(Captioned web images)
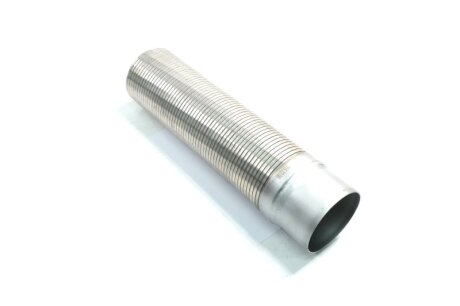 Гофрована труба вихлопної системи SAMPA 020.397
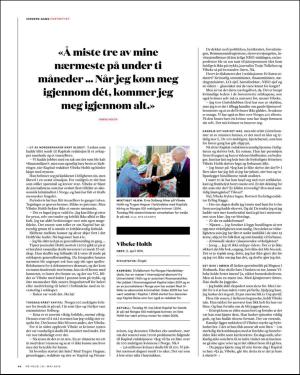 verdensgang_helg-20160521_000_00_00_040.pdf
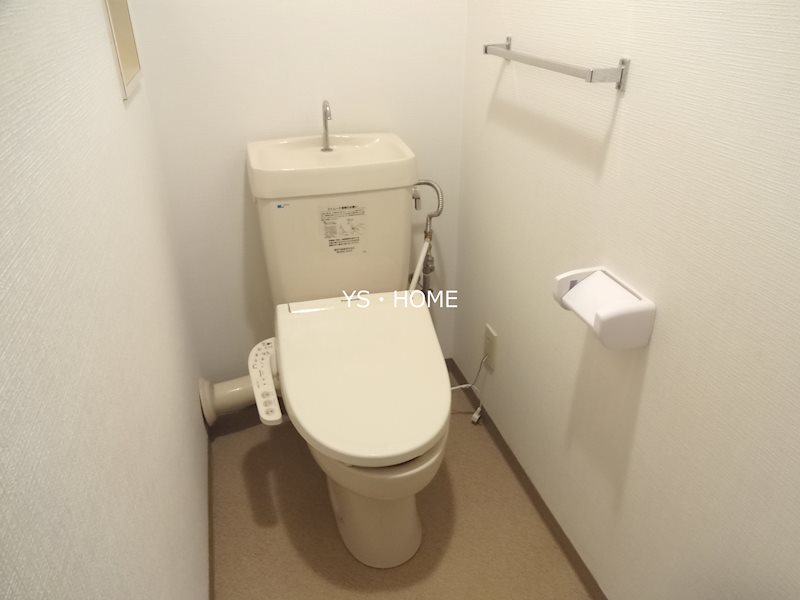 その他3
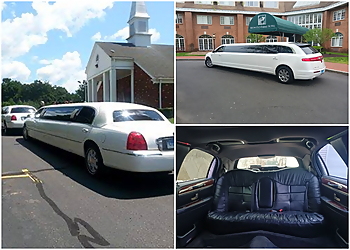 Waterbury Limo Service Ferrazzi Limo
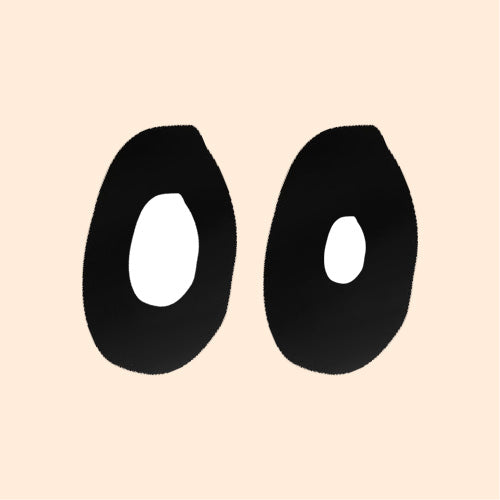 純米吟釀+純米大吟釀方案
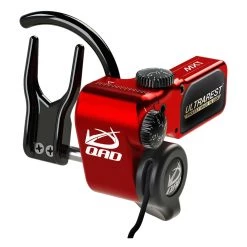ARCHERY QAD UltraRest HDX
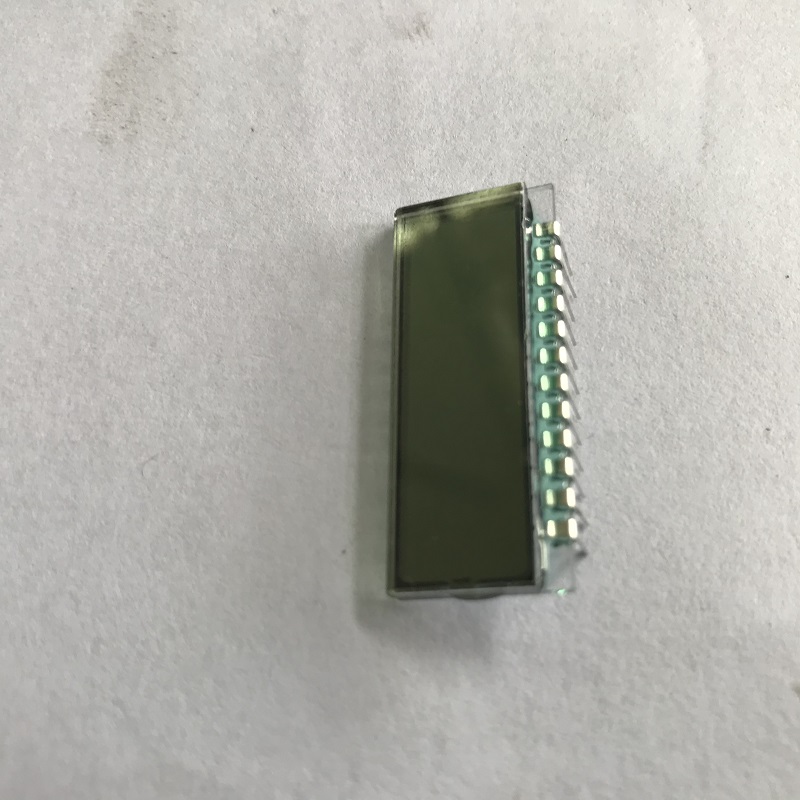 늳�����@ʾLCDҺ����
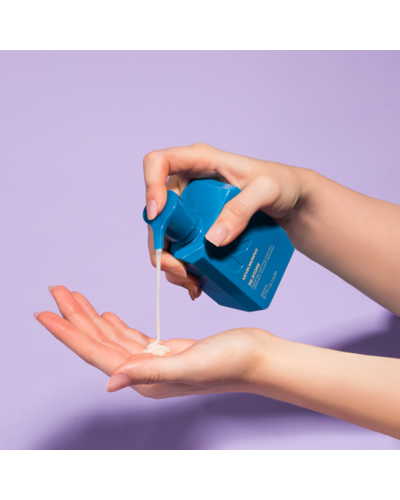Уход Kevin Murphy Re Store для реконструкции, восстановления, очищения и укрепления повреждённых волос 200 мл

● Prompt: Transcribe each record exactly as it appears, but omit every picture.

● Exercise solution:
 Гофрована труба вихлопної системи SAMPA 020.397
 verdensgang_helg-20160521_000_00_00_040.pdf
 その他3
 Waterbury Limo Service Ferrazzi Limo
 純米吟釀+純米大吟釀方案
ARCHERY QAD UltraRest HDX
 늳�����@ʾLCDҺ����
Уход Kevin Murphy Re Store для реконструкции, восстановления, очищения и укрепления повреждённых волос 200 мл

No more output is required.